Task requirements – Repeat exactly, and only, the lines running from the one that holds "2806 N 46th" to the end of the records.

#### Input for this task ####

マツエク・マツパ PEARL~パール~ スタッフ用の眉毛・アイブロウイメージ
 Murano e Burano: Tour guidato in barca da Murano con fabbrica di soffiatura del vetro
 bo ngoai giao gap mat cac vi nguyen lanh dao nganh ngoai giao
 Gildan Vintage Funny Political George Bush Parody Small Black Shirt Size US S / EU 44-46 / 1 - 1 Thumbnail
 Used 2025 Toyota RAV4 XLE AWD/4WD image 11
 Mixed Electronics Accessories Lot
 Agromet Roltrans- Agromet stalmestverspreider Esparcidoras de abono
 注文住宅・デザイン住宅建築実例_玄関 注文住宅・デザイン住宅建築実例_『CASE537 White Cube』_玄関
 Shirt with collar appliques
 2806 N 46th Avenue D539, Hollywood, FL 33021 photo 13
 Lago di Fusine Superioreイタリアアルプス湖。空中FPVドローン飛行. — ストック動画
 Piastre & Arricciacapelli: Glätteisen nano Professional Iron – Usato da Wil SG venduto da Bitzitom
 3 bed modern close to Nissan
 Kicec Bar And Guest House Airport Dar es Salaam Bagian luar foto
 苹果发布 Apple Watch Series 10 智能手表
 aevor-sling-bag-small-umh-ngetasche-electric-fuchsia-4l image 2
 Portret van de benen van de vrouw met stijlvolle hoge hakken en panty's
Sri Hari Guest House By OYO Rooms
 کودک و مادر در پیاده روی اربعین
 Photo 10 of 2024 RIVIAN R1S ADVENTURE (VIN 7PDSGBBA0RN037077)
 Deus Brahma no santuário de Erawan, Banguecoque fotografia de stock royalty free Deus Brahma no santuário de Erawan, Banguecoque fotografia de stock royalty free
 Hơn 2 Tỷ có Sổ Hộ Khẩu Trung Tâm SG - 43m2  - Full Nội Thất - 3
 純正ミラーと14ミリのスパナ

####

Exercise solution –
 2806 N 46th Avenue D539, Hollywood, FL 33021 photo 13
 Lago di Fusine Superioreイタリアアルプス湖。空中FPVドローン飛行. — ストック動画
 Piastre & Arricciacapelli: Glätteisen nano Professional Iron – Usato da Wil SG venduto da Bitzitom
 3 bed modern close to Nissan
 Kicec Bar And Guest House Airport Dar es Salaam Bagian luar foto
 苹果发布 Apple Watch Series 10 智能手表
 aevor-sling-bag-small-umh-ngetasche-electric-fuchsia-4l image 2
 Portret van de benen van de vrouw met stijlvolle hoge hakken en panty's
Sri Hari Guest House By OYO Rooms
 کودک و مادر در پیاده روی اربعین
 Photo 10 of 2024 RIVIAN R1S ADVENTURE (VIN 7PDSGBBA0RN037077)
 Deus Brahma no santuário de Erawan, Banguecoque fotografia de stock royalty free Deus Brahma no santuário de Erawan, Banguecoque fotografia de stock royalty free
 Hơn 2 Tỷ có Sổ Hộ Khẩu Trung Tâm SG - 43m2  - Full Nội Thất - 3
 純正ミラーと14ミリのスパナ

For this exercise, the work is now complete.